━━━━━ EXTRACTED ENTRIES

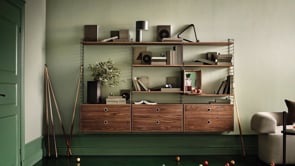 String BYO - Plan & Design with end frame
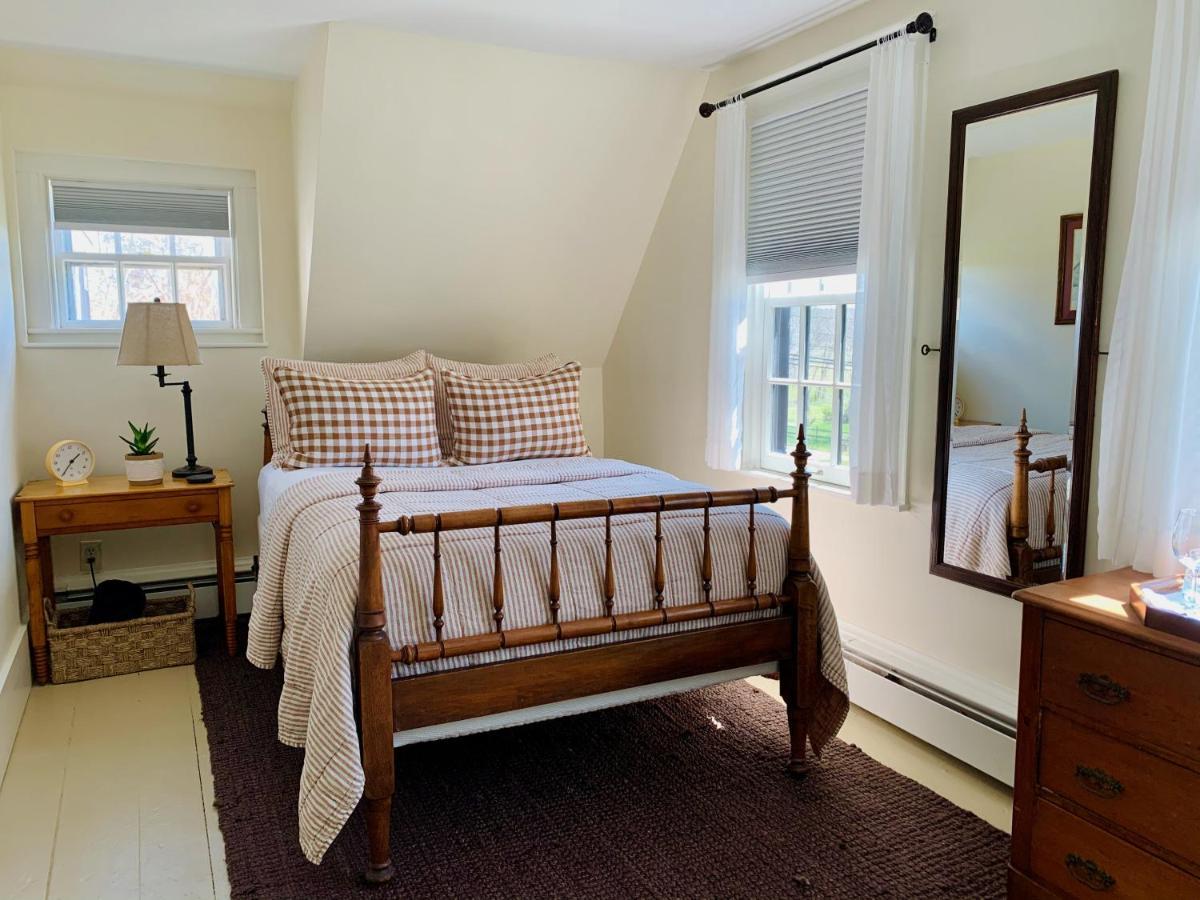 Bed and Breakfast Ashley Manor Барнстейбл Экстерьер фото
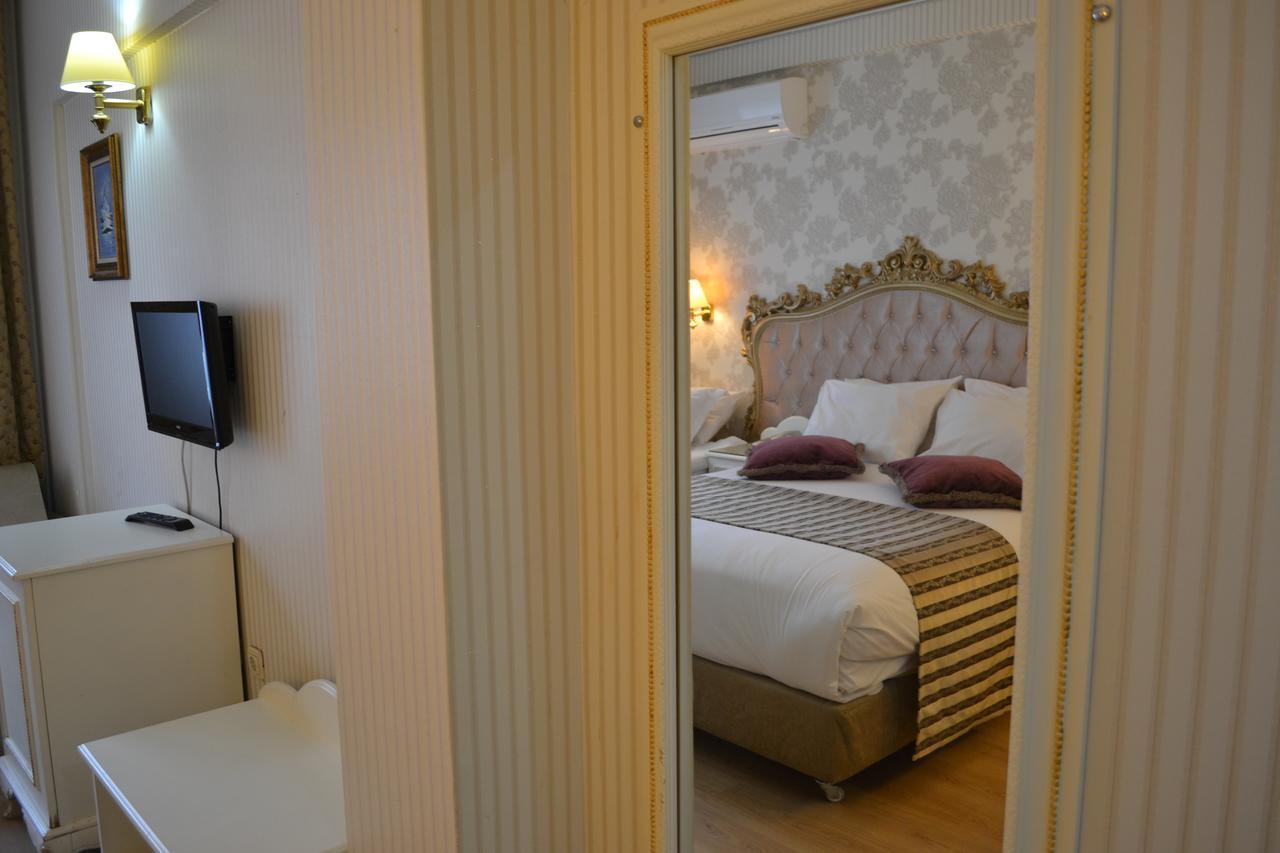 In Istanbul Hotel Exterior photo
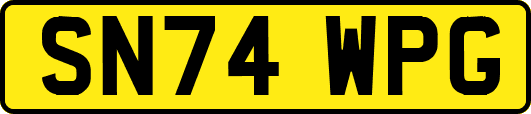 SN74WPG
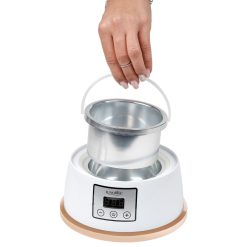 Incalzitor ceara profesional iSMART WAX PRO 500 ml LUXORISE Gold 6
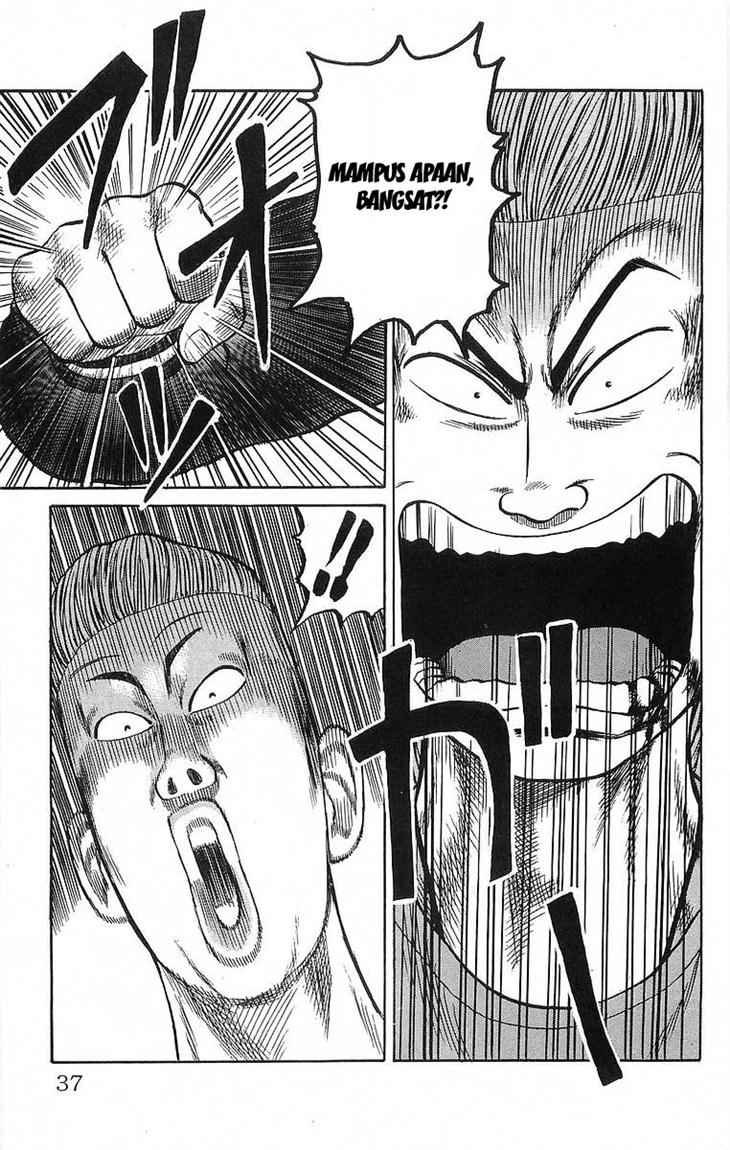 Crows Chap 61 - Next Chap 62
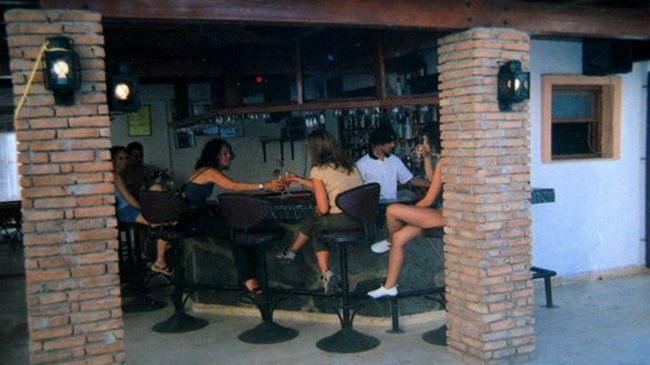 Alta Park Hotel Bodrum ร้านอาหาร รูปภาพ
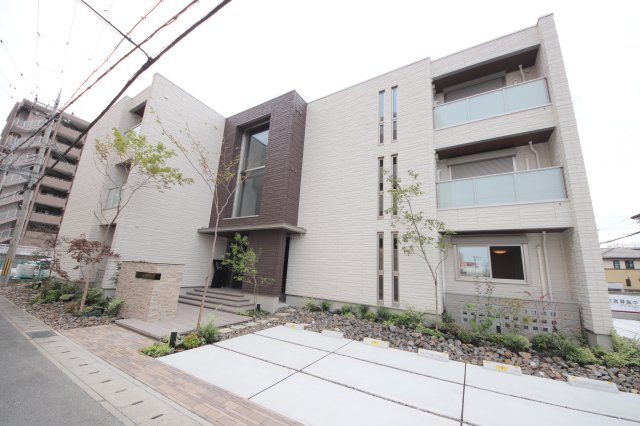 シャーメゾン　フェリシードの外観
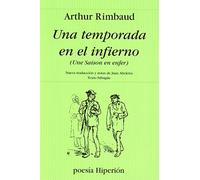Una Temporada En El Infierno (SIN COLECCION)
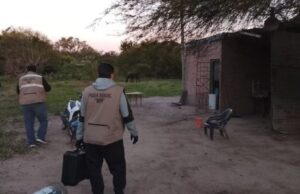 A busca por Axel Gonzalez no Chaco gera polêmica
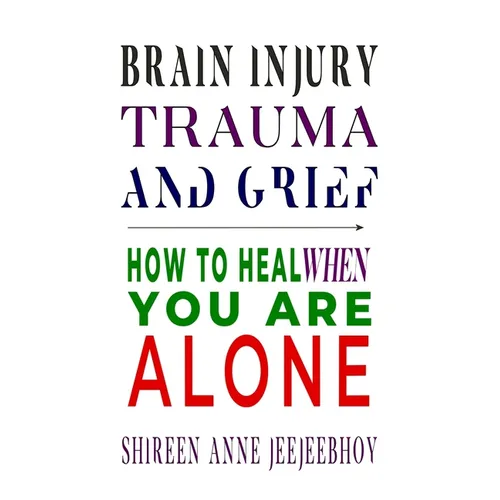 Brain Injury, Trauma, and Grief: How to Heal When You Are Alone - Paperback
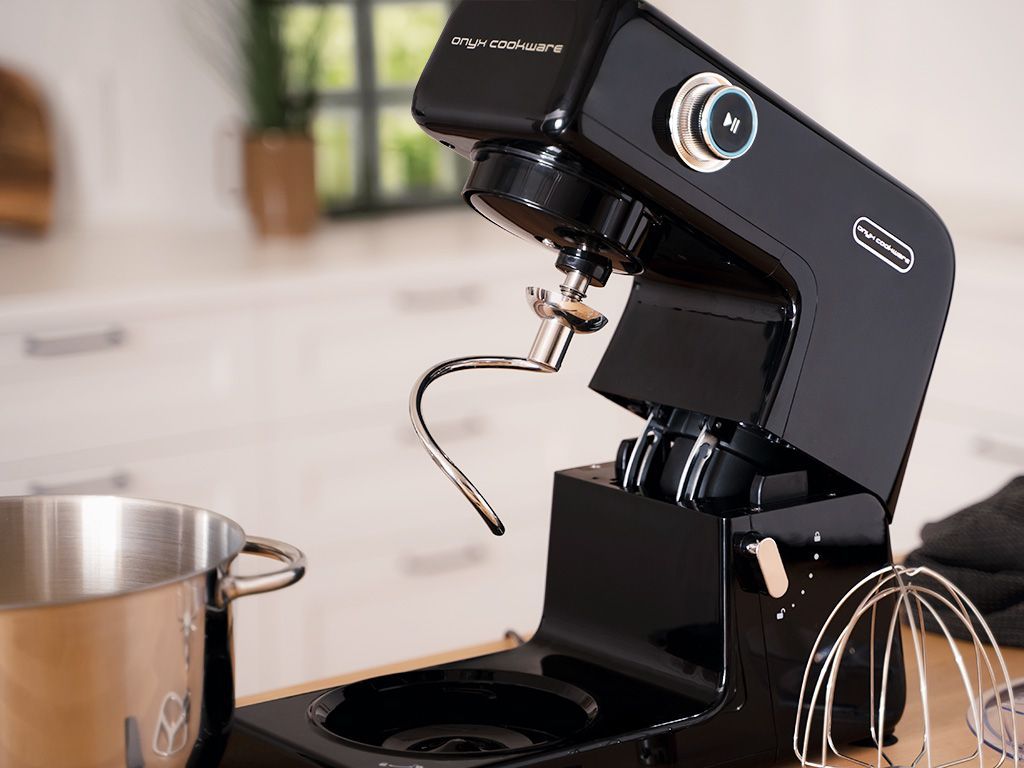 KJØKKENMASKIN 6L – KOMPLETT SETT - 2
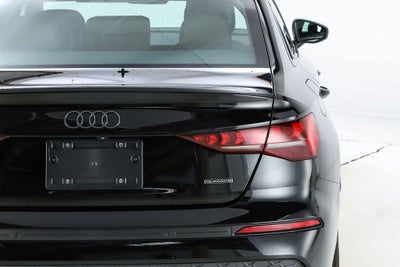 2025 Audi A3 40 Premium quattro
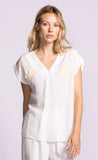 Otsego Top (White)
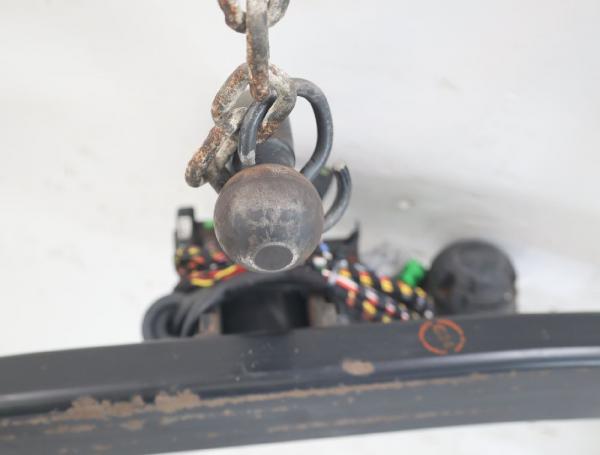 Anhängerkupplung abnehmbar 1728652 Ford S-MAX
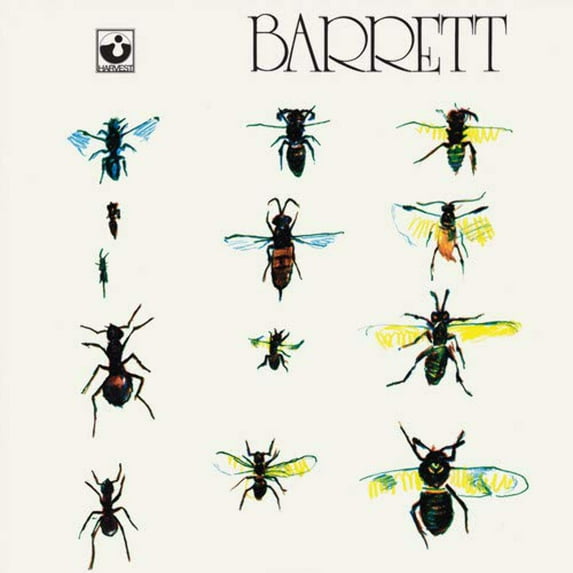 Syd Barrett - Barrett - Music & Performance - Vinyl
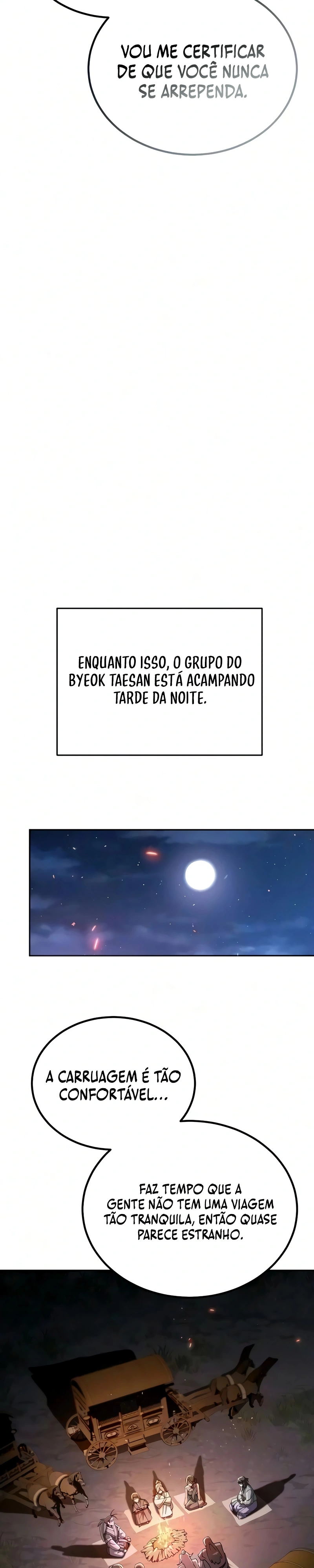 Demônio Celestial Quer Viver em Paz Capítulo 80 Página 44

━━━━━━━━━━

* WHAT TO PRODUCE: Output every entry exactly, leaving out pictures.

* ANSWER SPACE:
 String BYO - Plan & Design with end frame
 Bed and Breakfast Ashley Manor Барнстейбл Экстерьер фото
 In Istanbul Hotel Exterior photo
 SN74WPG
 Incalzitor ceara profesional iSMART WAX PRO 500 ml LUXORISE Gold 6
 Crows Chap 61 - Next Chap 62
 Alta Park Hotel Bodrum ร้านอาหาร รูปภาพ
 シャーメゾン　フェリシードの外観
Una Temporada En El Infierno (SIN COLECCION)
 A busca por Axel Gonzalez no Chaco gera polêmica
 Brain Injury, Trauma, and Grief: How to Heal When You Are Alone - Paperback
 KJØKKENMASKIN 6L – KOMPLETT SETT - 2
 2025 Audi A3 40 Premium quattro
 Otsego Top (White)
 Anhängerkupplung abnehmbar 1728652 Ford S-MAX
 Syd Barrett - Barrett - Music & Performance - Vinyl
 Demônio Celestial Quer Viver em Paz Capítulo 80 Página 44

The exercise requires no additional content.